### WORK INSTRUCTION
From the first line of the listing, copy each line exactly until you have included the line with "gpauzudo18 online show"; leave out the pictures.

##### DATASET CONTENT

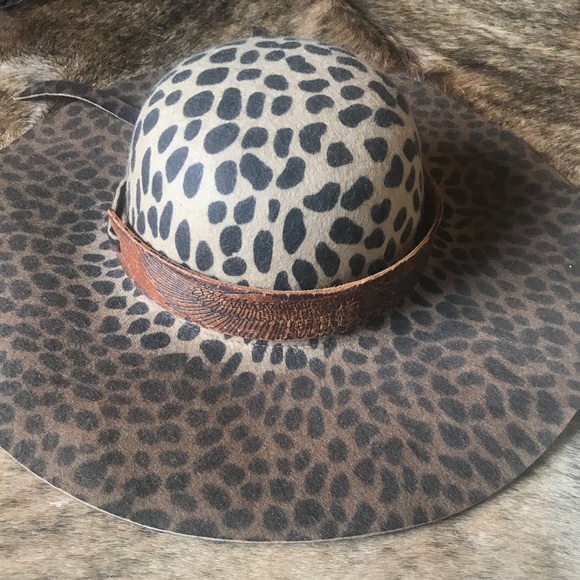 Three Bird Nest Accessories - Three Bird Nest Floppy Brim Hat Leopard Print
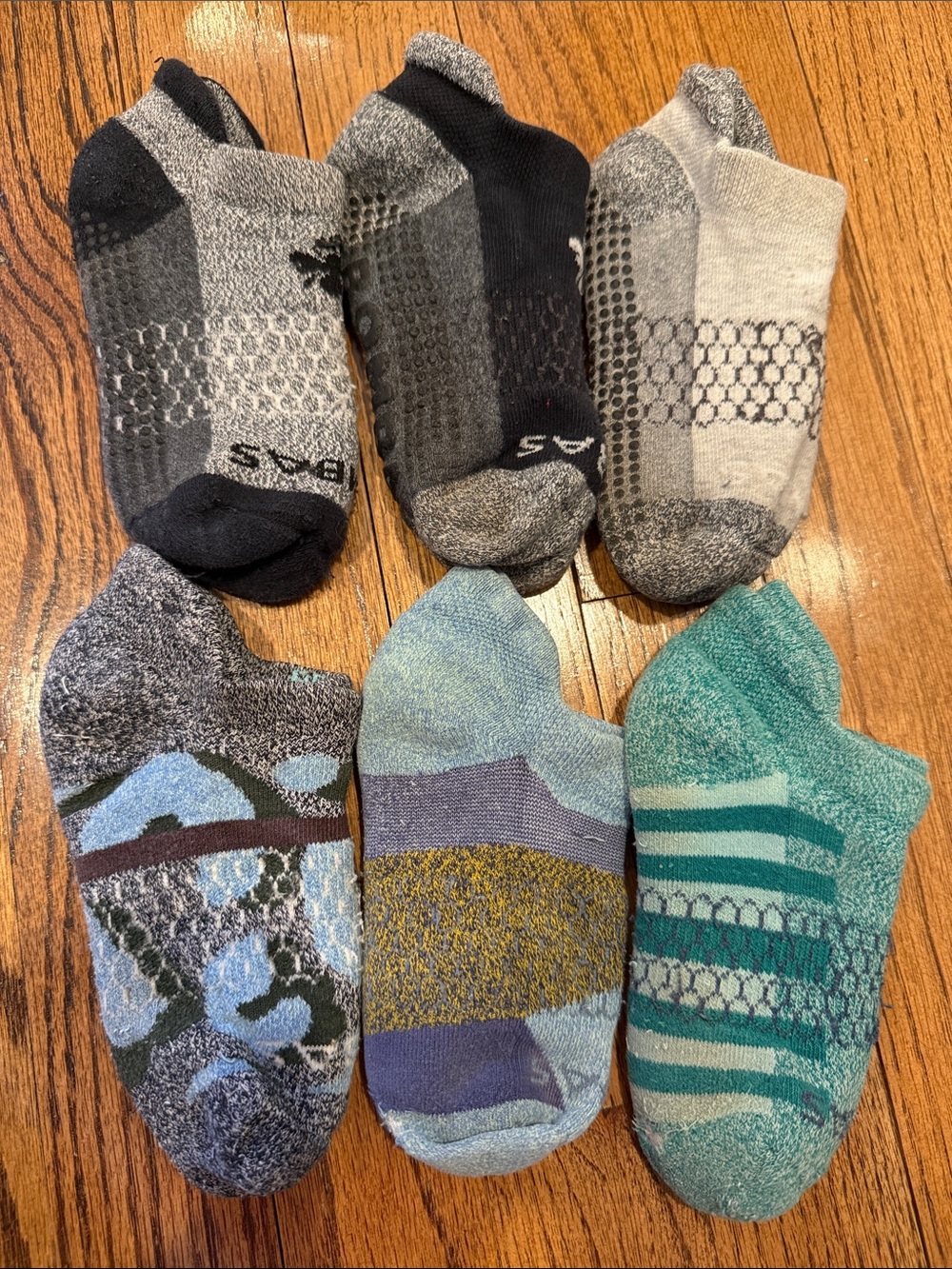 Bombas youth socks lot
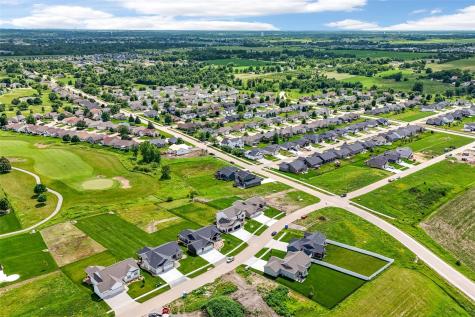1985 Royal Oak Ridge Road Marion IA 52302
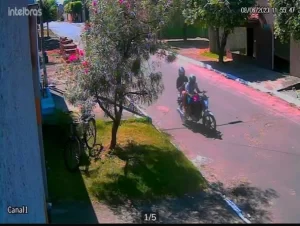 Vídeo: Ladrão invade clínica odontológica, rende secretária e ao sair dispara tiro no chão, em Bandeirantes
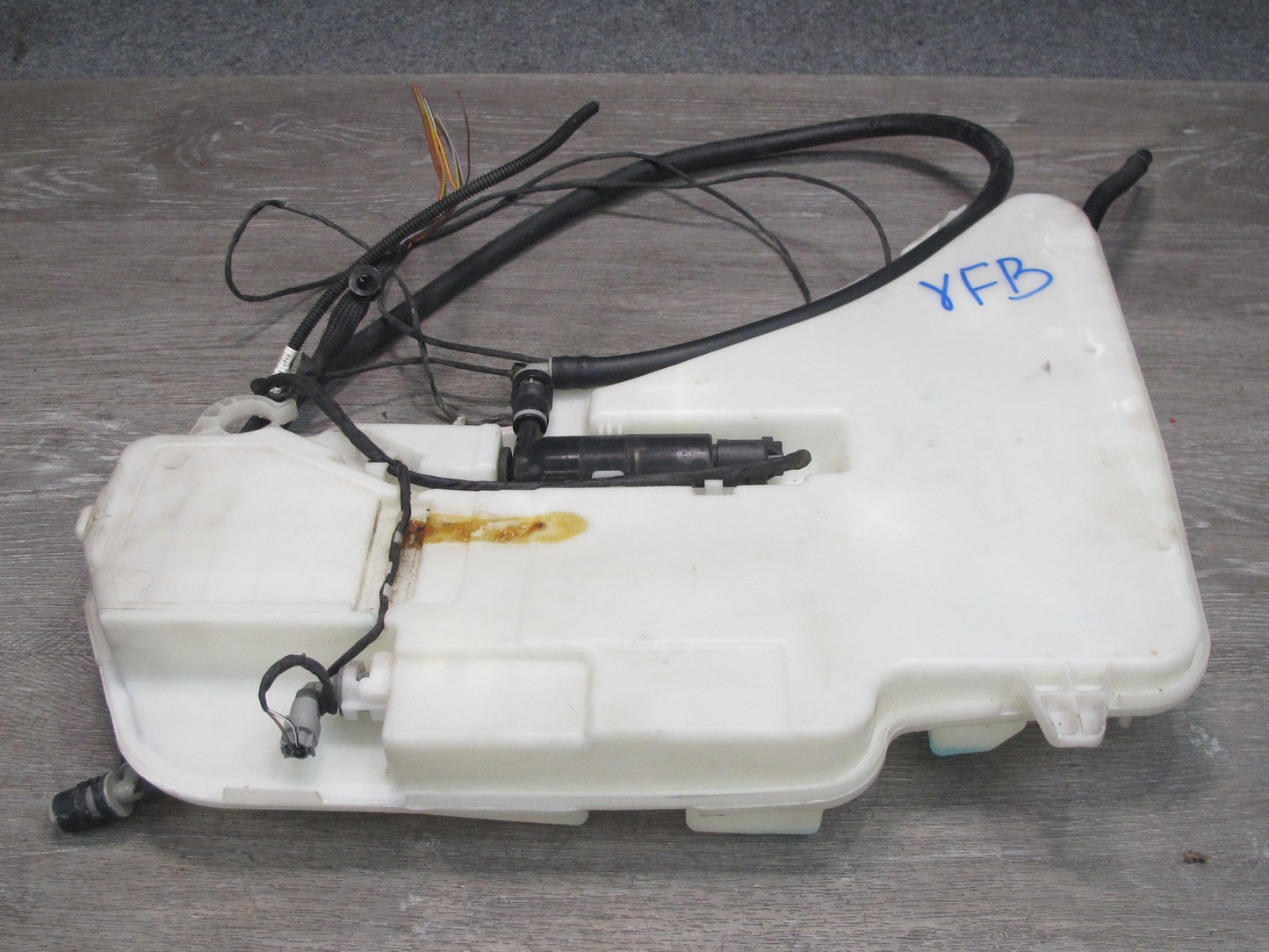 11-16 BMW F10 F07 F06 F12 Windshield Washer Fluid Reservoir w Pump & Neck OEM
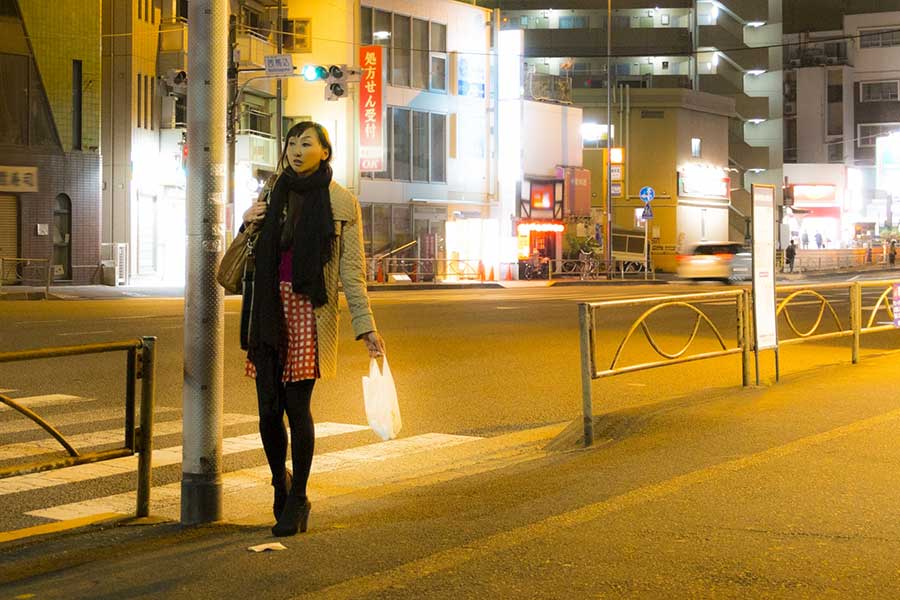 アメリカ人のウィルさんの感覚では、女性ひとりで出歩くことは母国では危険でありえないことだという（写真はイメージ）【写真：写真AC】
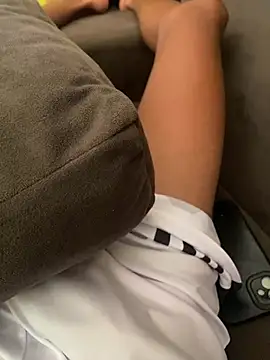 gpauzudo18 online show from February 2, 2026, 5:33 pm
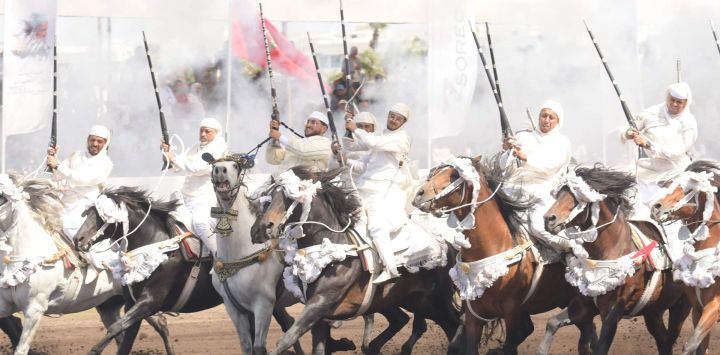 Imagen de una escena durante la Tbourida, un espectáculo ecuestre marroquí, en la Competencia Interregional de Tbourida de Rabat 2026, en Bouznika, Marruecos. La Tbourida es un espectáculo ecuestre marroquí que se remonta al siglo XVI. Fue inscrita en la Lista Representativa del Patrimonio Cultural Inmaterial de la Humanidad de la UNESCO en 2021.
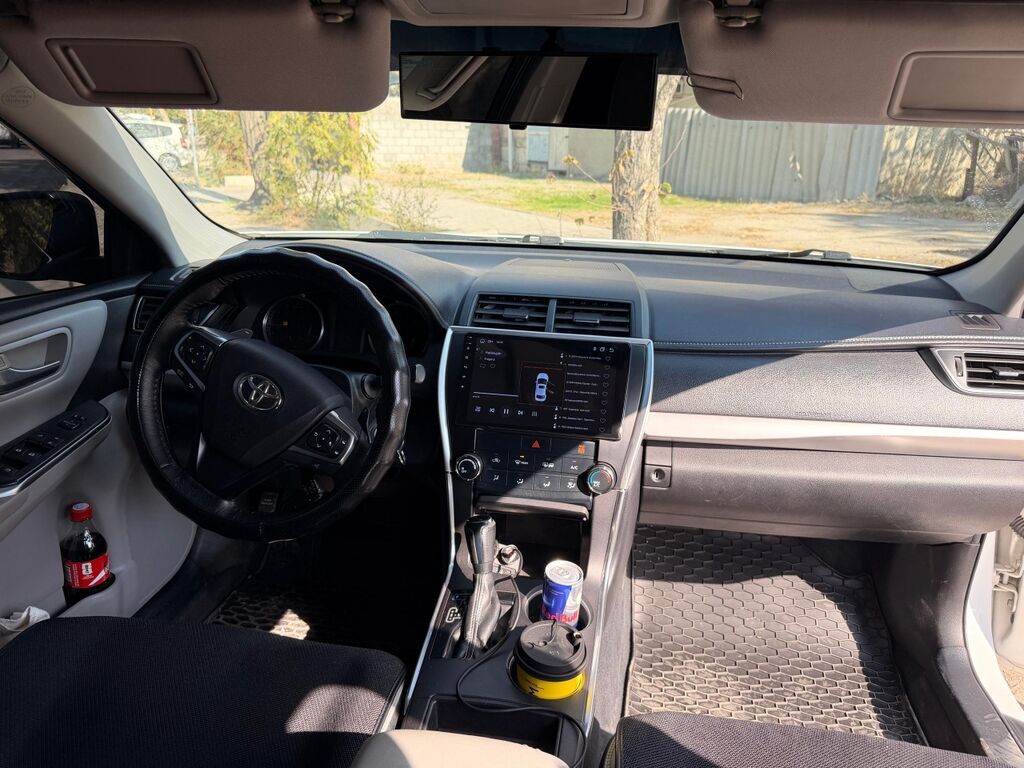 Toyota Camry: 2016 г., Автомат, Бензин, Седан: фото 3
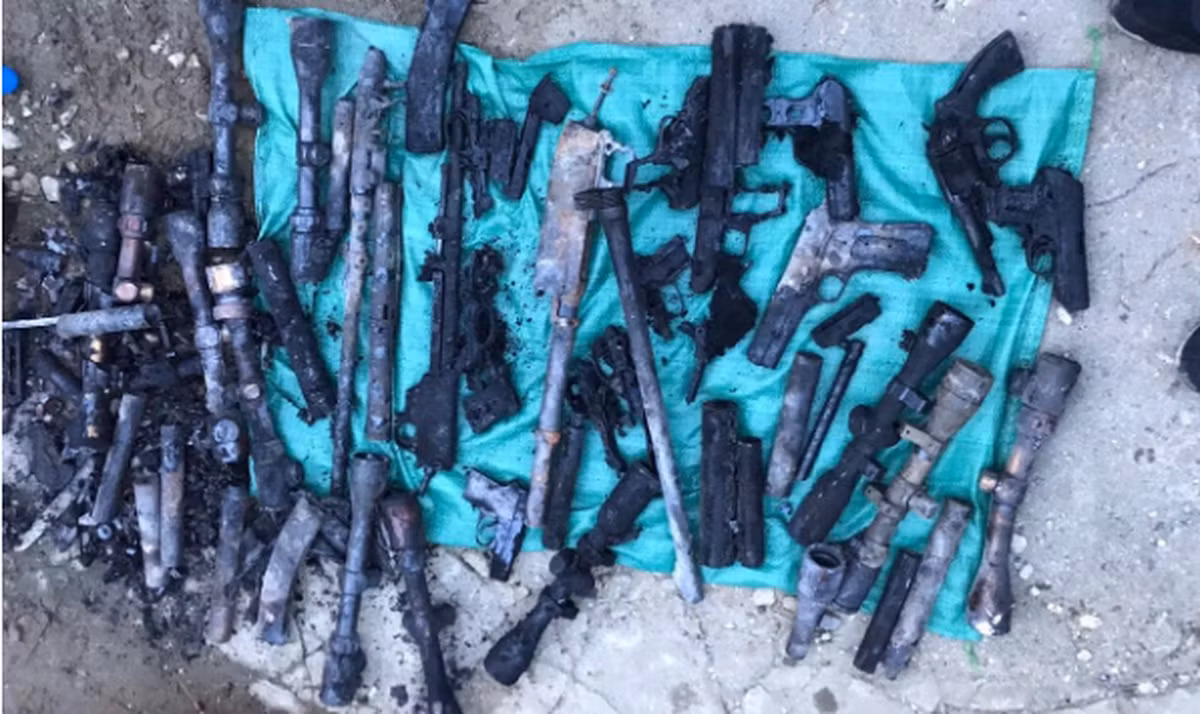 Rất nhiều loại súng khác nhau từ cỡ nhỏ đến cỡ lớn. (Ảnh: Công an TP HCM) 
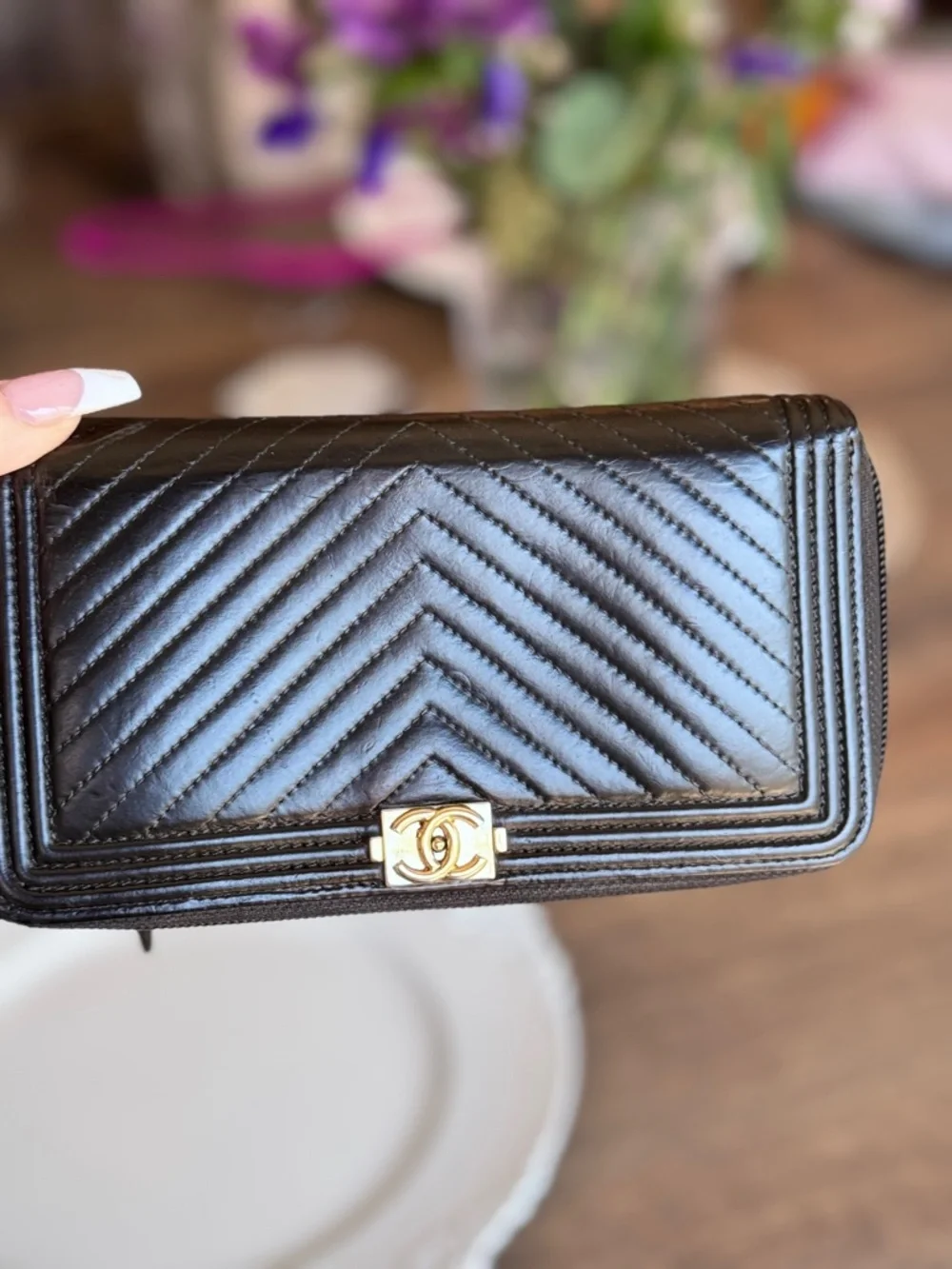 Chanel Black Quilted Chevron Wallet - Picture 11 of 12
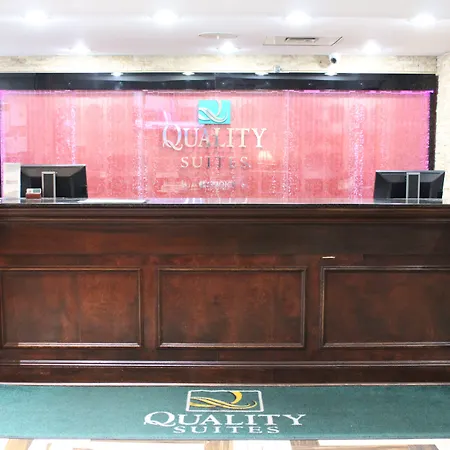 Quality Suites Nyc Gateway-2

##########

### SOLUTION TO THIS PROBLEM
 Three Bird Nest Accessories - Three Bird Nest Floppy Brim Hat Leopard Print
 Bombas youth socks lot
1985 Royal Oak Ridge Road Marion IA 52302
 Vídeo: Ladrão invade clínica odontológica, rende secretária e ao sair dispara tiro no chão, em Bandeirantes
 11-16 BMW F10 F07 F06 F12 Windshield Washer Fluid Reservoir w Pump & Neck OEM
 アメリカ人のウィルさんの感覚では、女性ひとりで出歩くことは母国では危険でありえないことだという（写真はイメージ）【写真：写真AC】
 gpauzudo18 online show from February 2, 2026, 5:33 pm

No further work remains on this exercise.